A la mi-juillet, les forces françaises ont permis à M. Jean Kambanda,
premier ministre et à d'autres ministres du gouvernement responsable du
génocide, de passer plusieurs jours dans la zone humanitaire sûre. Il
semble que les forces françaises aient ensuite facilité leur départ pour
le Zaïre. Selon de nombreux témoins, les autorités de ce soi-disant
gouvernement circulaient à Bukavu avec des chauffeurs militaires
français. D'après des journalistes, le chef d'état-major des ex-forces
armées rwandaises a profité de pareils services à Goma. En même temps,
les autorités rwandaises, préfectorales et locales, sur lesquelles
pèsent des présomptions graves, restaient en fonction dans la zone
humanitaire sûre. Parmi eux, le préfet de Cyangugu, Emmanuel Bagambiki,
le préfet de Kibuye, Clément Kayishema et un nombre important de
bourgmestres de Cyangugu, Kibuye et Gikongoro.

Fuite au Zaïre


Fortes de leur autorité administrative, ces personnes insistaient
d'ailleurs pour que la population quitte la zone dès le départ des
forces françaises. Un exode chaque jour plus important des réfugiés vers
Bukavu est le résultat de leurs efforts. Aux dernières nouvelles,
certaines de ces autorités se seraient enfuies au Zaïre, où leur
arrestation paraît peu probable, sinon impossible.

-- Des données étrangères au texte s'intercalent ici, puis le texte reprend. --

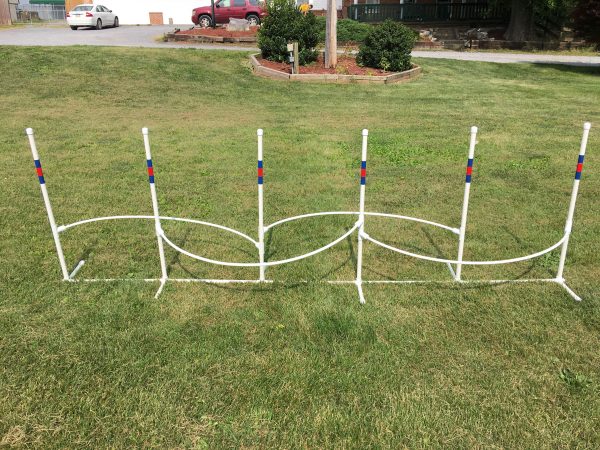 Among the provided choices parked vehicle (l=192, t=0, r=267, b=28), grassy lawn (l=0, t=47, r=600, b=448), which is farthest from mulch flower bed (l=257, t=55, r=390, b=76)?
parked vehicle (l=192, t=0, r=267, b=28)

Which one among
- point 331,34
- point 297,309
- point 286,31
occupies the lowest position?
point 297,309

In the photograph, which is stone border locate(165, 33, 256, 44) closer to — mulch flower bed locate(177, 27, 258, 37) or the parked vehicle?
mulch flower bed locate(177, 27, 258, 37)

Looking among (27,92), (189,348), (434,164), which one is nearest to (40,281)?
(189,348)

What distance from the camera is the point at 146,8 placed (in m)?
40.0

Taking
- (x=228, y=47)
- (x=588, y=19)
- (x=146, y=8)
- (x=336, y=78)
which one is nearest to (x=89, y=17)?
(x=146, y=8)

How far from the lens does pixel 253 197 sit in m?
6.80

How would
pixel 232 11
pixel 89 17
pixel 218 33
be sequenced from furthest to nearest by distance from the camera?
pixel 89 17, pixel 232 11, pixel 218 33

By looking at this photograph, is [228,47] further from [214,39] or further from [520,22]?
[520,22]

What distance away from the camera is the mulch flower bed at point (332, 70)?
16734 mm

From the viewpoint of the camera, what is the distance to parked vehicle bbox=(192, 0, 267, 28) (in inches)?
1114

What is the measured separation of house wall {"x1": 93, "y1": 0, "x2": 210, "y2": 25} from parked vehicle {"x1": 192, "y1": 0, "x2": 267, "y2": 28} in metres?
12.7

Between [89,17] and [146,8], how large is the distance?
10351mm

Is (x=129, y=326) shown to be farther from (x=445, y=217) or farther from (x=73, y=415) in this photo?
(x=445, y=217)

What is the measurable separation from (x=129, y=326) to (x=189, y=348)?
617mm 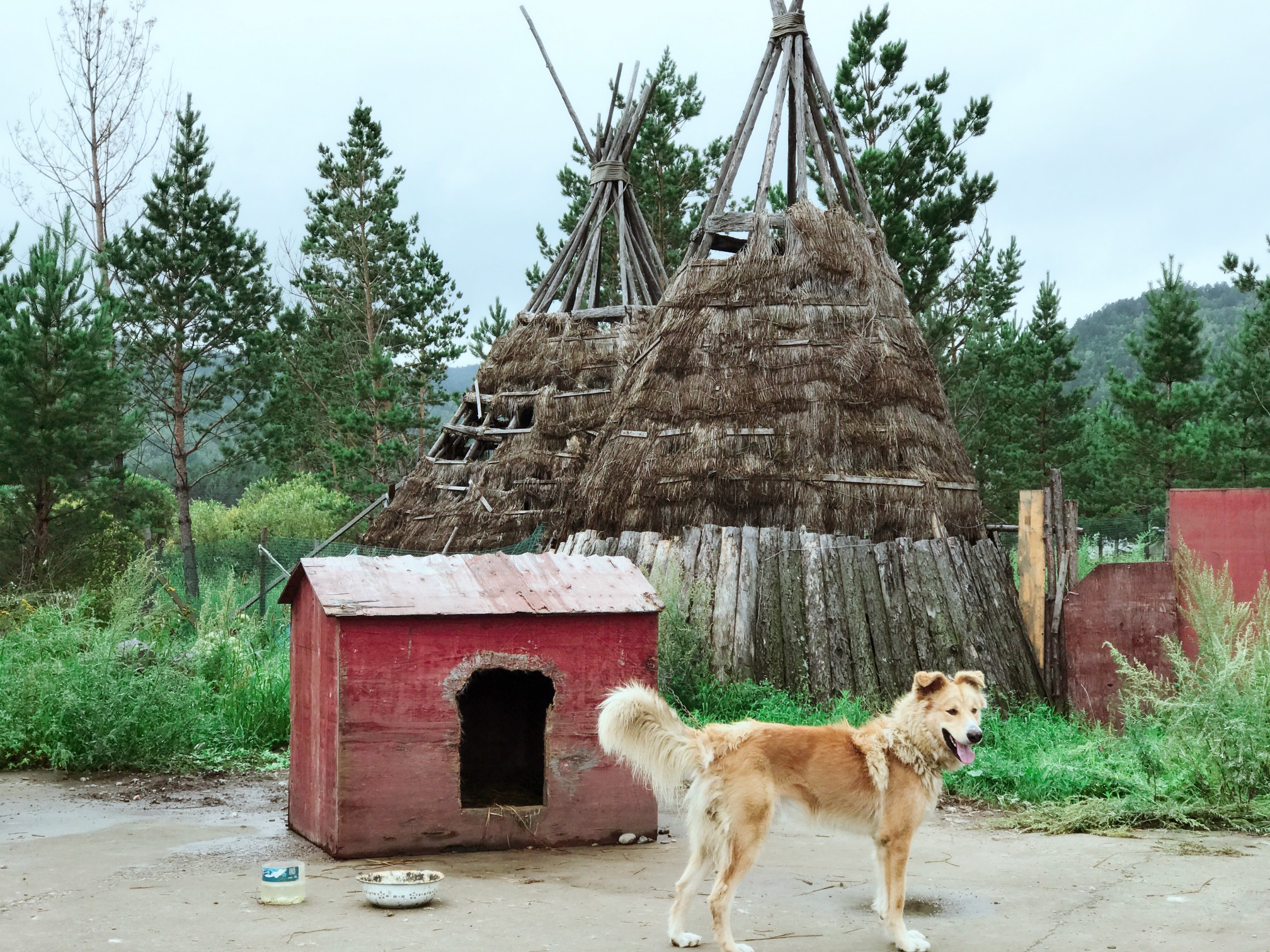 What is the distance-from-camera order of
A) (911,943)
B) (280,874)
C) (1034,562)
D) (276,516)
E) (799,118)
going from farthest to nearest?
(276,516)
(799,118)
(1034,562)
(280,874)
(911,943)

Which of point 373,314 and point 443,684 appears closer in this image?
point 443,684

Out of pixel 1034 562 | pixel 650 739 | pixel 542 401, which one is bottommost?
pixel 650 739

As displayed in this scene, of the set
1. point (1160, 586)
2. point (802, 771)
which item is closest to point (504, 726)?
point (802, 771)

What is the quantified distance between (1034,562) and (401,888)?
6.70 meters

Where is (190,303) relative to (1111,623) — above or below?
above

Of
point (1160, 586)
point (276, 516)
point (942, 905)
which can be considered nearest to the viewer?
point (942, 905)

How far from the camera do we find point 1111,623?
9477 millimetres

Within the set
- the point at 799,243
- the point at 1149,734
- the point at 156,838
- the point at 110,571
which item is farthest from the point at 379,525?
the point at 1149,734

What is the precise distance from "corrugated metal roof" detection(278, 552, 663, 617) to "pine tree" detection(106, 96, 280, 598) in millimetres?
17713

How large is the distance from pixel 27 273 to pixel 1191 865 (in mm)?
14823

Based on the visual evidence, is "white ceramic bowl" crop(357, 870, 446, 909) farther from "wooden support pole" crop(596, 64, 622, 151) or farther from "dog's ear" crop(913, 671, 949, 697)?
"wooden support pole" crop(596, 64, 622, 151)

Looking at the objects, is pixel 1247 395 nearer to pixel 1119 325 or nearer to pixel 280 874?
pixel 280 874

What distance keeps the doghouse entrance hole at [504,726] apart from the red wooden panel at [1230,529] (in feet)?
17.0

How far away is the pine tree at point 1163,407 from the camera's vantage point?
2555cm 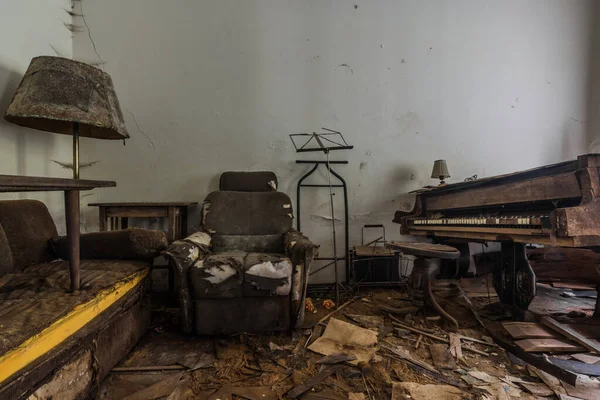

La France, un des Etats qui ont rédigé, signé et ratifié la Convention
pour la prévention et la répression du crime de génocide, s'est engagée
moralement et juridiquement à punir les auteurs de tout génocide, une
obligation reconnue récemment par le nouveau code pénal entré en vigueur
en mars 1994. De nombreuses personnes ayant exercé l'autorité au nom
d'un gouvernement coupable poursuivent leur vie quotidienne calmement
sous les yeux des soldats français. Ces soldats n'hésitent même pas à
recourir à l'aide de ces autorités pour faciliter leur propre tâche, la
livraison de l'aide humanitaire. L'arrestation de ces autorités serait
de loin l'une des plus grandes contributions humanitaires que la France
aurait pu apporter à la cause rwandaise et à toute la communauté
internationale.

Les forces françaises auraient pu encore livrer ces auteurs présumés du
génocide au nouveau gouvernement rwandais ou les incarcérer dans une
prison française. Peu importe le lieu d'incarcération, pourvu que ces
personnes soient détenues dans des conditions conformes aux normes
internationales, en attendant leur procès. La Convention pour la
prévention et la répression du génocide restera lettre morte si la
violation de cette convention n'est pas sanctionnée. Le génocide
rwandais est à ce point flagrant que le refus de la France d'arrêter les
auteurs présumés signifierait une négation pure et simple de sa
ratification. Par contre, si la France arrête les autorités responsables
elle aura affirmé son soutien à la Convention et servira de modèle aux
autres Etats qui pourraient trouver des personnes soupçonnées sur leur
territoire.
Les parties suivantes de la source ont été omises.